Prudential Financial has settled with the Securities and Exchange Commission over charges that it engaged in improperly accounting for reinsurance agreements.
The SEC alleged that from December 1997 through December 2002, Prudential's former property and casualty subsidiaries, known as the Prupac companies, entered into a series of so-called finite reinsurance contracts with General Reinsurance that had no purpose other than to build up and then draw down on an off-balance-sheet asset, or "bank," that Gen Re held for Prupac.
According to the complaint, the contracts were written to look like they met the requirements to qualify for reinsurance accounting, when they were actually subject to an oral side agreement that effectively eliminated any risk to either party. From 1997 through 2000, Prupac built up the bank, depositing approximately $190 million of the $200 million it would eventually deposit with Gen Re in the form of premiums on reinsurance policies for which no reinsurance recoveries were triggered.

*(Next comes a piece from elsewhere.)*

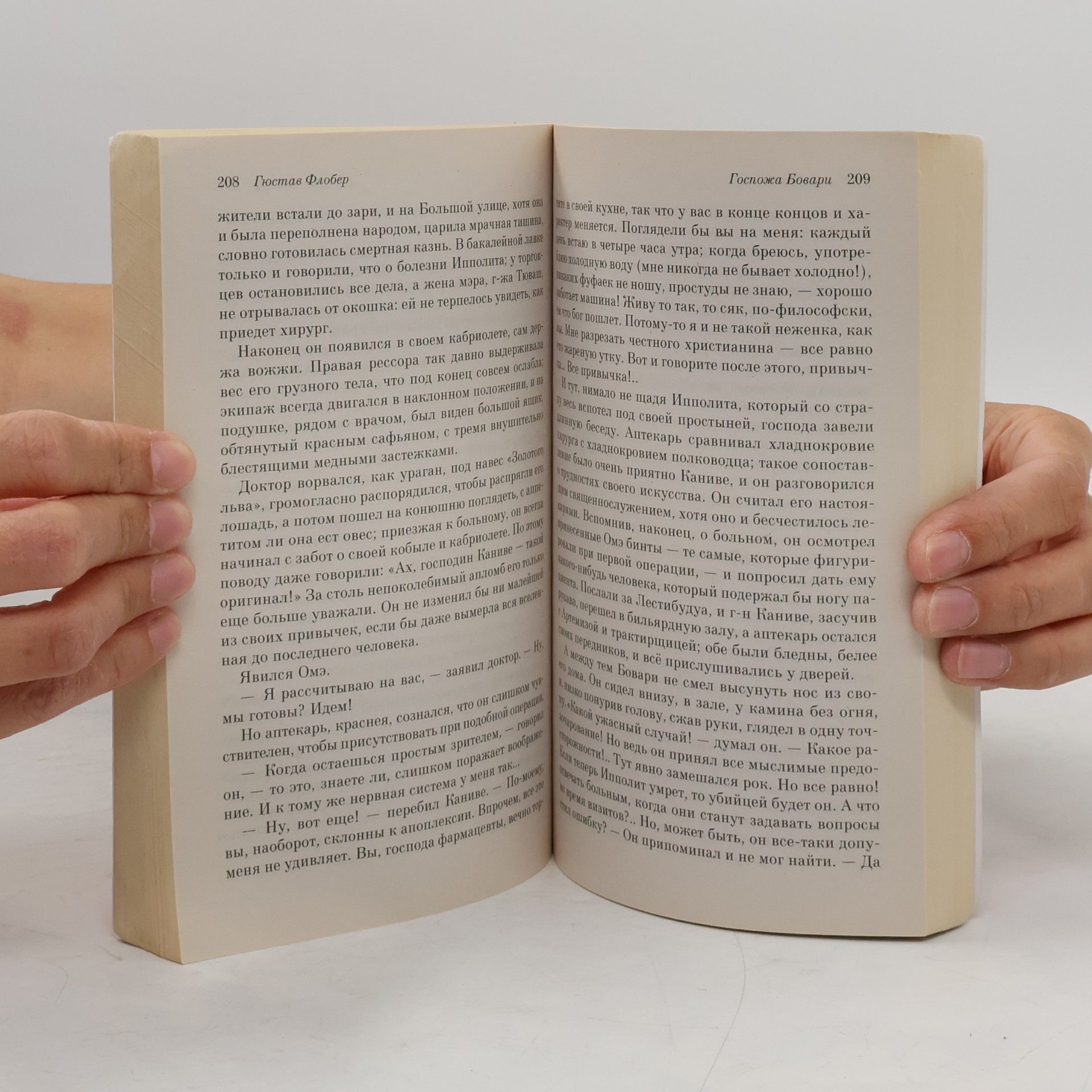 Gustave Flaubert 100 Главных Книг: Госпожа Бовари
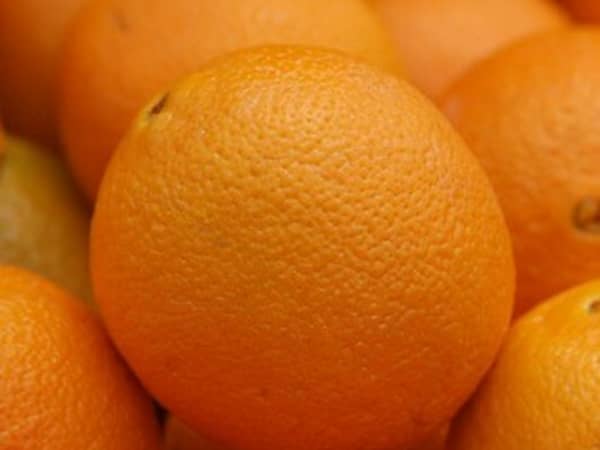 Oranges, navel, 15 kg carton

In 2000, 2001 and 2002, Prupac drew down on the bank, structuring the purported reinsurance contracts to ensure it recovered virtually to the penny every payment it had made, plus interest, less Gen Re's fee. As a result of these recoveries, the SEC said that Prudential improperly reported additional pre-tax income of $97 million, $80 million and $41 million in 2000, 2001 and 2002, respectively.
Without admitting or denying the SEC's allegations, Prudential agreed to settle the charges by consenting to a permanent injunction against further violations.